# Bridgeport J-head making horrible noise



## marcaap (Jan 22, 2017)

Hey guys,
I've got a Bridgeport J-Head, serial #J262246 that's making a good bit of noise up in the step pulley housing area.  I've removed the step pulley housing, as well as the spindle and this is what I've found.

1) The  splined gear hub is quite worn, both on the internal splines for the spindle, as well as on the external 'cog' splines that engage into the spindle pulley hub above it.

View media item 95706
2) It also appears that the spindle splines are quite worn as well
View media item 95705
I'm including a video of the machine making the noise while in back gear.





Let me know what you guys think.
1) Is thing worth rebuilding
2) Get a replacement J-head from eBay
3) Buy an Accu head from eBay

Would anyone happen to have used parts?  Or possibly a good working J-Head that you'd like to sell.
1) HQT1160 Splined Gear Hub
2) HQT1414 R8 Spindle Only

Thanks in advance
Paul


----------



## HitFactor (Jan 23, 2017)

Had to rebuild the top half of my 2J head last month.
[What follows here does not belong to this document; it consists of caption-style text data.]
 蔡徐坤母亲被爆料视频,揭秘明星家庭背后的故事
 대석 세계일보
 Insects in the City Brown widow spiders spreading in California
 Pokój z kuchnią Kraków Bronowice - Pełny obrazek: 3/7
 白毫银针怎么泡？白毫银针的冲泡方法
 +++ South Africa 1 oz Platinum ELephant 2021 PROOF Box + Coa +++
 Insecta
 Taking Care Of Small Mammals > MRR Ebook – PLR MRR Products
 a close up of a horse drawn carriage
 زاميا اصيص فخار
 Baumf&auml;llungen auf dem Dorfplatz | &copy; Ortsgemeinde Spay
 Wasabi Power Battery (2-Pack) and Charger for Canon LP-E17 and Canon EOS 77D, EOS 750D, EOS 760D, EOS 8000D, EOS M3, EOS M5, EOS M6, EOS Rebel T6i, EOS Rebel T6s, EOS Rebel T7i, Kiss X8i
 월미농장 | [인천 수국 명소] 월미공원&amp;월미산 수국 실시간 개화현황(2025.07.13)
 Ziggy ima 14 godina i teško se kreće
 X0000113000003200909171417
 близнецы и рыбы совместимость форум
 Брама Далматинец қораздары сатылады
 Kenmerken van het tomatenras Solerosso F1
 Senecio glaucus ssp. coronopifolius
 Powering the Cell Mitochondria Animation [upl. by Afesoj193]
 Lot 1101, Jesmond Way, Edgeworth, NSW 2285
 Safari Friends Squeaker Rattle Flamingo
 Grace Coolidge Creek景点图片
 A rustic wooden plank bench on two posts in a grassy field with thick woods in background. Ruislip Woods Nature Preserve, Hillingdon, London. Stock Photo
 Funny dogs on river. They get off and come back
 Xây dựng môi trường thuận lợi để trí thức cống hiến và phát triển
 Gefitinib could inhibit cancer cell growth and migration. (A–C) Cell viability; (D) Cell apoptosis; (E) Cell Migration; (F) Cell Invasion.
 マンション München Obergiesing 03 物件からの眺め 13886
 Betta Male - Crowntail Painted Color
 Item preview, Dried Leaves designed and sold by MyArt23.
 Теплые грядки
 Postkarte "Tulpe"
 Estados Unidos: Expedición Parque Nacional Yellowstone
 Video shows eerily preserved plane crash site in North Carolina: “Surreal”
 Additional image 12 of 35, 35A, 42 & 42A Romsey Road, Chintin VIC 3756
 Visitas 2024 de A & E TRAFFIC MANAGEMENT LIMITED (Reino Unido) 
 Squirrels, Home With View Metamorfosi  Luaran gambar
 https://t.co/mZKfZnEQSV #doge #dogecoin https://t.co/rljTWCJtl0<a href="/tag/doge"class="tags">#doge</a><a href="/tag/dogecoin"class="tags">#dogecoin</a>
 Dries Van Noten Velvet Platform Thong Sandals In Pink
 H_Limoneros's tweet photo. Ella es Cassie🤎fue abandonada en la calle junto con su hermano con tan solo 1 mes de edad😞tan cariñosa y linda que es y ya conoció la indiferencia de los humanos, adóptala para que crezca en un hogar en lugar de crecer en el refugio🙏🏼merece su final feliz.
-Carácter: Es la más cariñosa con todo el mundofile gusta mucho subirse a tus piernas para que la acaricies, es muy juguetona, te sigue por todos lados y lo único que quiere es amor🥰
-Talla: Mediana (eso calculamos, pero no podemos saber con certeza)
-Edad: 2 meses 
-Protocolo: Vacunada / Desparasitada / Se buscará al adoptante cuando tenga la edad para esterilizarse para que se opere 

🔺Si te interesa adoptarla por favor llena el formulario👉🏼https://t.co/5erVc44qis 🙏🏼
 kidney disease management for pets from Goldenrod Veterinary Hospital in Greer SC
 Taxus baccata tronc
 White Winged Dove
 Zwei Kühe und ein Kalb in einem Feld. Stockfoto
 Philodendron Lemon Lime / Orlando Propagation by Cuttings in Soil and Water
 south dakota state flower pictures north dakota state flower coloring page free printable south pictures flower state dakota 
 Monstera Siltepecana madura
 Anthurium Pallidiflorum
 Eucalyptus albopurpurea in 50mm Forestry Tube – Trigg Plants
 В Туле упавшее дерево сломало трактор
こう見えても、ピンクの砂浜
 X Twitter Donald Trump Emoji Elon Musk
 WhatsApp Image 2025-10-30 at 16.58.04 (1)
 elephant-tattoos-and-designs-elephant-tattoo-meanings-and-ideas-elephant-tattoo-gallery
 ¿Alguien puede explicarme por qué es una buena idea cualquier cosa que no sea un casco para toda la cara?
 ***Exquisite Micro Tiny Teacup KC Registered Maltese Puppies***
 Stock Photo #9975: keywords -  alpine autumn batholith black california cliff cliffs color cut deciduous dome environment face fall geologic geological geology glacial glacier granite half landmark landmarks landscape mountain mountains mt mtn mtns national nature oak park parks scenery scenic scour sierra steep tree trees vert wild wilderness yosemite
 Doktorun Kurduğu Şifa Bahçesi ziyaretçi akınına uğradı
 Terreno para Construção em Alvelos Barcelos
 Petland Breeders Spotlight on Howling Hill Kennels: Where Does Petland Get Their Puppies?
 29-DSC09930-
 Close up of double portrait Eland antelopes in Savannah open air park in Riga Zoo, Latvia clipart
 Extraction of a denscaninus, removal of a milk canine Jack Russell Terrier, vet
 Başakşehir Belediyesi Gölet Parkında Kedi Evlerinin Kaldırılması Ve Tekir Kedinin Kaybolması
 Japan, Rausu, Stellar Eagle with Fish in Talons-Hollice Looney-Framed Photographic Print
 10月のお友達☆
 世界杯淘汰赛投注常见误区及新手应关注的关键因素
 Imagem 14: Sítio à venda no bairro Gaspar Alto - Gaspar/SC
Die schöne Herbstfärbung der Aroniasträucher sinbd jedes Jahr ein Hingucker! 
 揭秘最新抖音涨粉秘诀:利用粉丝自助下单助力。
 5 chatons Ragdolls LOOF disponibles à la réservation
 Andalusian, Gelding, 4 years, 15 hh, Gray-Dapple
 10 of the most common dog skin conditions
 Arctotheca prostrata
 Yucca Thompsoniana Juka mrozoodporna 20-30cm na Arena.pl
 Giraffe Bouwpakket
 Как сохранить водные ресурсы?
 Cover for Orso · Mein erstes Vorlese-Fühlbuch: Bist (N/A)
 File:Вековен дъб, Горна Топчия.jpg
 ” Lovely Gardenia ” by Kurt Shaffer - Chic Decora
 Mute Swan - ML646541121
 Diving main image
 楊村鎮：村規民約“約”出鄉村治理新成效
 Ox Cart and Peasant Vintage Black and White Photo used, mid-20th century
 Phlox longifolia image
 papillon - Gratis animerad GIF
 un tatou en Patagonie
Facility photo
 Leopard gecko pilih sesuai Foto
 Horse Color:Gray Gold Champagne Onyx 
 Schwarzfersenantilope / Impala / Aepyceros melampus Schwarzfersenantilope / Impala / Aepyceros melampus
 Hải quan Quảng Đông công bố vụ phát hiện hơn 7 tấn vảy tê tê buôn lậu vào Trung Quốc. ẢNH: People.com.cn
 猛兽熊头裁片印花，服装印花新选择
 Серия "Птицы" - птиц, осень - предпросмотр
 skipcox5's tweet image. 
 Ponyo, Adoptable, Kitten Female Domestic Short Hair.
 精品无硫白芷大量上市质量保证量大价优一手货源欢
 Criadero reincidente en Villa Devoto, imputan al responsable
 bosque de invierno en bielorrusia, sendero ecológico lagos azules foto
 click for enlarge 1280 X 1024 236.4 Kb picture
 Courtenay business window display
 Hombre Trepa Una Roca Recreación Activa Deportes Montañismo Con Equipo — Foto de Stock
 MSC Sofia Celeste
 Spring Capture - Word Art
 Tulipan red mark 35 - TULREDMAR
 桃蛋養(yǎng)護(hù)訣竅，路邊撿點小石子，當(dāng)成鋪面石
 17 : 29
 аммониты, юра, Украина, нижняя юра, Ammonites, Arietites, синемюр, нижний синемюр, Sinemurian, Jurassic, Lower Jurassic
Picked up parts from High Quality Tools and Bearings from Motion Industries. Motion Industries is a dealer for HQT. Got everything I needed from MI for less than expected.  Job took about 5 hours not counting the time cleaning parts. 

I recommend repairing yourself.


----------



## marcaap (Jan 23, 2017)

Many thanks for the reply.  I'll take a look into High Quality Tools to see what's available.


----------



## jmarkwolf (Jan 24, 2017)

Check out the guys below:

http://www.machinerypartsdepot.com/?gclid=CKrn3ti-29ECFci2wAodqdwIug

They offer an exchange program. Send them your "core" head and some cash, and they'll send you rebuilt head. Down time is minimal.

Thinking about doing this on my J-head.


----------



## chips&more (Jan 24, 2017)

Interesting idea or way to do business. But, for me and I have had my BP for many years now. I know how it preforms. I know the expected accuracy out of it when I go to use it. I feel comfortable with knowing what it can and cannot do. Swapping the head out in an exchange program for a crap shoot does not sound like a great idea. I would only what to fix it myself…Dave.


----------



## marcaap (Jan 24, 2017)

As it turns out, I've got new parts on the way and I'll be reassembling this weekend!!  

Thanks to everyone who has responded with ideas, as it's been very beneficial.


----------